During the few days I was there, as I traversed back and forth across the outskirts of London, a thought occurred that I’m sure I would also have had back when I lived there over twenty years ago. Back then though, there wasn’t the tidy frame of reference that I seem to have for it now.
Now we have Harry Potter, in all his incarnations and all his glory. Because of that, I can now say what I must have thought all those years ago.
Wizards take the train.
Back when I lived in London, for my fifteen years or so, I did my fair share of Tube travel. In and out to the City Centre, wedged in, rocking and rolling in all of the heat and the interesting smells. It was okay, I didn’t mind it, if I could get a seat, I could always get some reading done.
But, in the latter years, my destinations seemed easier to reach by using the rail network. Similarly, this time around, I didn’t set foot on a tube. Instead I nipped from station to station along the rail network and enjoyed the ride.
Armed, as I was this time, with all my Harry Potter references, it was plain to see that the Tube was strictly a Muggle form of transport and the rail was for the Wizards.
In the books, the Wizards have their own peculiar ways of getting around. Sometimes they seem more clunky and old fashioned than the Muggles’ ways but that is only a superficial reading of the situation. The Wizard ways are fast and effective as well as being slightly quirky and other-worldly.
So it is with the rail system. It has about it a strange quality of being in a slightly alternate dimension to the rest of the city. It ploughs through the same landscape and arrives and departs from much the same places but it is slow and yet fast at the same time. High tech yet old fashioned. Familiar but still a bit odd.

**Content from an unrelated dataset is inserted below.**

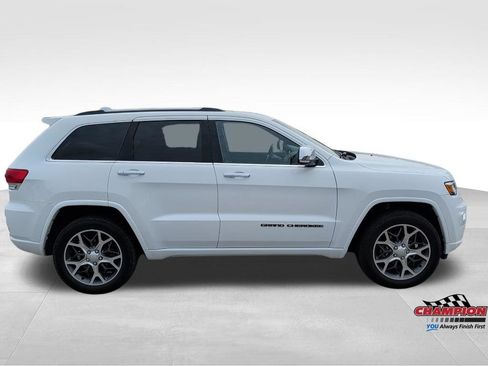 Used 2020 Jeep Grand Cherokee Overland AWD/4WD image 6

And the Wizards take the trains. They just seem different to the tube people. More given to noticing that you are there beside them. More prone to a smile. There is space on the trains and light. The staff at the stations seem more personable and, surprisingly for Wizards, human.
The train trundles and jangles and clatters and groans but it gets there and you arrive more neatly-pressed, slightly more sane than if you had gone via under the ground.
It all makes me wonder about buses. I think that buses might just be a little bit magical too.
I’ll try them out next time and report back.
1 comment:
I was sixteen the first time I took a train. And I loved it. Although my dad had a car when not everyone’s dad did and I appreciated the convenience of the car I was never passionate about them. I’m still not. When I bought my very first car and someone at work learned I had they asked me what kind it was. “A red one,” was my response and I wasn’t being facetious; I’d forgotten the make because it didn’t matter to me. As it happens it was a Talbot Samba and I can’t pretend I didn’t get a kick out of owning my own vehicle but, and I feel much the same when it comes to computers, it was a tool, nothing more.
A few months ago I went to visit my daughter who’s living in Cumbernauld for the moment. It’s a bit of a hick whatever way you go and so I thought I’d try getting the train home rather than the bus. They’ve changed. They’ve lost a lot of their elegance—trains were always classy when I was a kid—but not their magic. And by “magic” I think I mean nostalgia. As a child we often played in the local railway yard. Carriages, trucks and guard vans especially which were like peripatetic gang huts. They were never locked or anything. Nor was there any noticeable security—never once were we chased away. The trains nowadays feel are smart and clean and, since I never travel at peak times, I always get a seat but even though they’re a far cry what they used to be they still evoke a feeling of wellbeing and calm I don’t get with buses and cars.